Frankreich wählt ein neues Parlament. Und alle fragen sich: Wird der Rassemblement National wirklich bald das Land regieren? Über eine Wahl, die Frankreich in seinen Grundzügen verändern könnte.

Über dieses Thema berichtet: BR24 im BR Fernsehen am .

Drei Wochen sind verstrichen, seit Frankreichs Präsident Emmanuel Macron die Pariser Nationalversammlung auflöste und Neuwahlen des Parlaments am 30. Juni und 7. Juli ausrief. Drei Wochen heftiger Wahlkampf mit Wendepunkten, die eher an Polit-Entertainment-Serien und Telenovelas erinnern als an die Realität.
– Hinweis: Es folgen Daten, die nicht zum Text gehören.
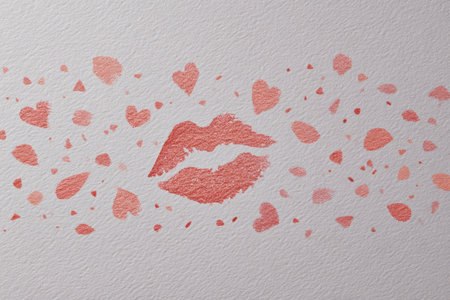 Artistic air kiss heart symbol designed for customer appreciation features a neutral palette with a blank area for messages or branding.の素材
Macron selbst steht nicht zur Wahl und garantiert, er werde bis 2027 Präsident bleiben.

Obwohl sich zum Zeitpunkt der Europawahl, laut Umfragen des Meinungsforschungsinstituts Ipsos, die Mehrheit der Bevölkerung dafür aussprach, das Parlament aufzulösen und neu zu wählen, kam die Entscheidung Macrons doch sehr überraschend.

Ein fassungsloses Präsidentenlager

Noch immer rätseln die meisten, was Macron zu diesem Schritt bewegte. Nahezu die gesamte Regierungsmannschaft konnte die Entscheidung nicht nachvollziehen. Premierminister Gabriel Attal, der den Wahlkampf für Macrons Partei Renaissance führt und erst seit fünf Monaten im Amt ist, überlegte laut übereinstimmenden Medienberichten, hinzuschmeißen. Der Wirtschafts- und Finanzminister Bruno Le Maire echauffierte sich öffentlich, die Neuwahl sei die Entscheidung "eines einzelnen Mannes". Später bezeichnete er die Berater Macrons, die dem Präsidenten die Idee ins Ohr geflüstert haben sollen, als "cloportes" (dt.: Schädlinge).
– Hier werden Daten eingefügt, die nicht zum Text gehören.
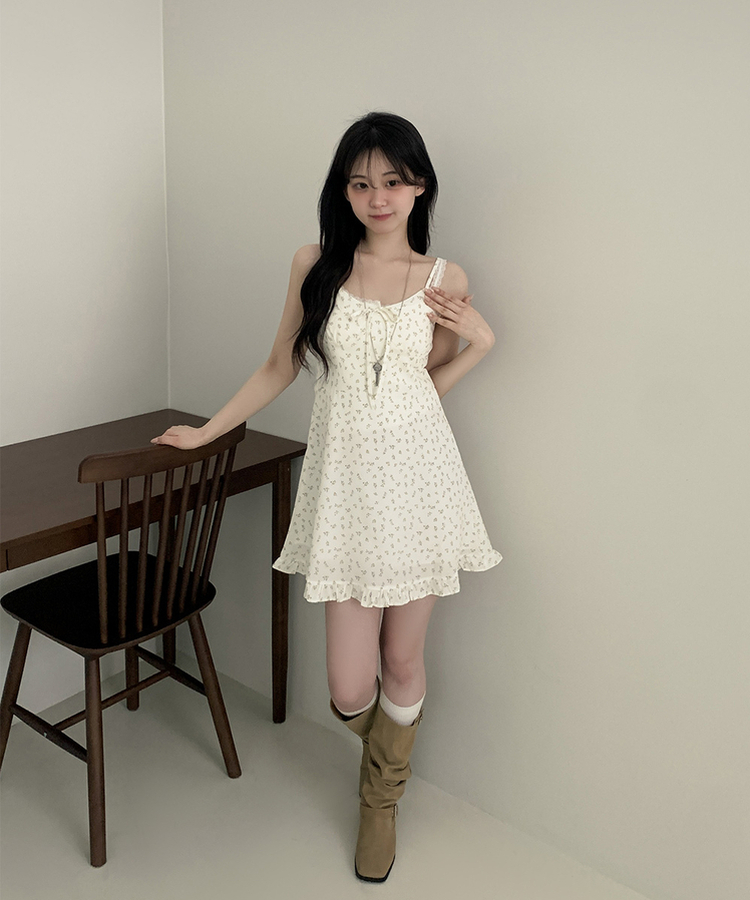 リボンフリルフラワーキャミソールミニワンピース WHITE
Nur sehr wenige aus dem Präsidentenlager glauben an einen Sieg. In Frankreich gilt nämlich kein Verhältniswahlrecht wie in Deutschland, sondern für jeden der 577 Wahlkreise das Mehrheitswahlrecht. Kandidaten müssen entweder eine absolute Mehrheit im ersten Wahlgang erreichen oder in eine Stichwahl. An der Stichwahl kann jeder Kandidat teilnehmen, für den im ersten Durchgang mehr als 12,5 Prozent der Wahlberechtigten stimmten. Selbst wenn die Liste Ensemble, unter der Kandidaten der bisherigen Regierungsparteien Renaissance, Horizons und MoDem zusammengeführt sind, landesweit 20 Prozent der Stimmen holen, könnten sie aufgrund des Wahlrechts nur 110, im schlimmsten Fall sogar nur 80 Abgeordnete stellen. Bis zur Auflösung vor drei Wochen waren es noch 250.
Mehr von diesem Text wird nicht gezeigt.